TurboID-based proximity labelling reveals a connection between VPS34 and cellular homeostasis

Unlike animals, plants and yeasts only have a class III phosphatidylinositol 3-kinase (PI3KC3). Its lipid product, phosphatidylinositol 3-phosphate (PtdIns-3-P, PI3P), organizes intracellular trafficking routes such as autophagosome formation, multivesicular body (MVB) formation, retro-transport from trans-Golgi network (TGN) to late Golgi, and the fusion events between autophagosomes and MVBs and the vacuole.

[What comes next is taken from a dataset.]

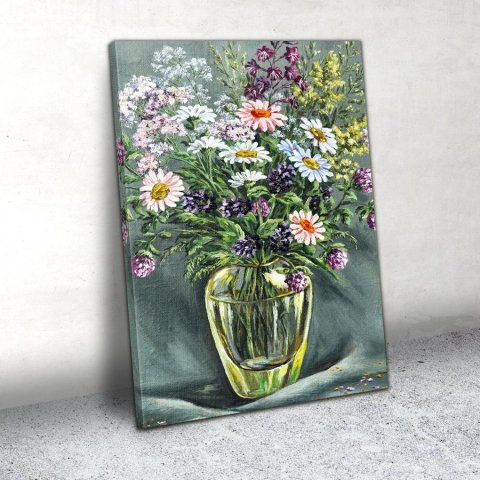 Vazodaki Çiçekler Kanvas Tablo 60x90 Cm.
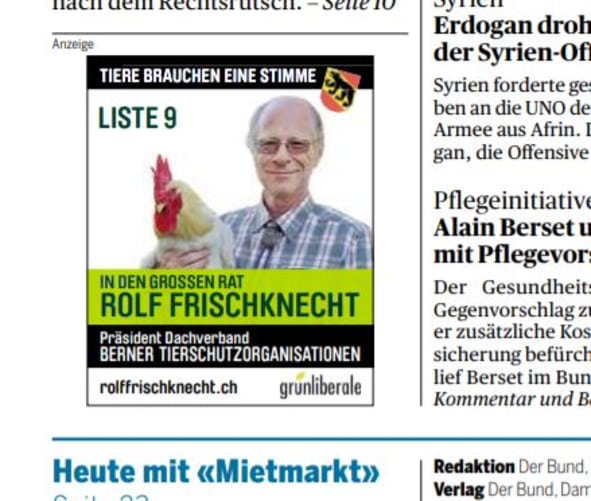 Inserat im Bund 20.03.2018: Tiere brauchen sine Stimme Content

The catalytic subunit of plant PI3KC3 is encoded by the essential gene Vacuolar Protein Sorting 34 (VPS34). Despite the importance of VPS34 in cellular homeostasis and plant development, a VPS34 interactome is lacking. Here we employed TurboID, an enzyme-catalyzed proximity labelling (PL) method, to describe a proximal interactome of Arabidopsis VPS34. TurboID catalyzed spatially restricted biotinylation and enabled VPS34-specific enrichment of 273 proteins from affinity purification coupled with mass spectrometry. The interactome confirmed known functions of VPS34 in endo-lysosomal trafficking. Intriguingly, carbohydrate metabolism was the most enriched Gene Ontology (GO) term, including glycolytic enzymes in the triose portion and enzymes functioning in chloroplast triose export and sucrose biosynthesis. The interaction between VPS34 and the glycolytic enzyme glyceraldehyde-3-phosphate dehydrogenase (GAPDH, GAPC1/2) was validated in planta. Also verified was the interaction between VPS34 and the plasma membrane H+-ATPase AHA2, a primary determinant of membrane potential. Our study links PI3KC3 to carbohydrate metabolism and membrane potential, two key processes that maintain cellular homeostasis.

Automated summary

This study used an enzyme-catalyzed proximity labelling method to describe the interactome of Arabidopsis VPS34. The results revealed that VPS34 is associated with carbohydrate metabolism and membrane potential, two key processes involved in maintaining cellular homeostasis.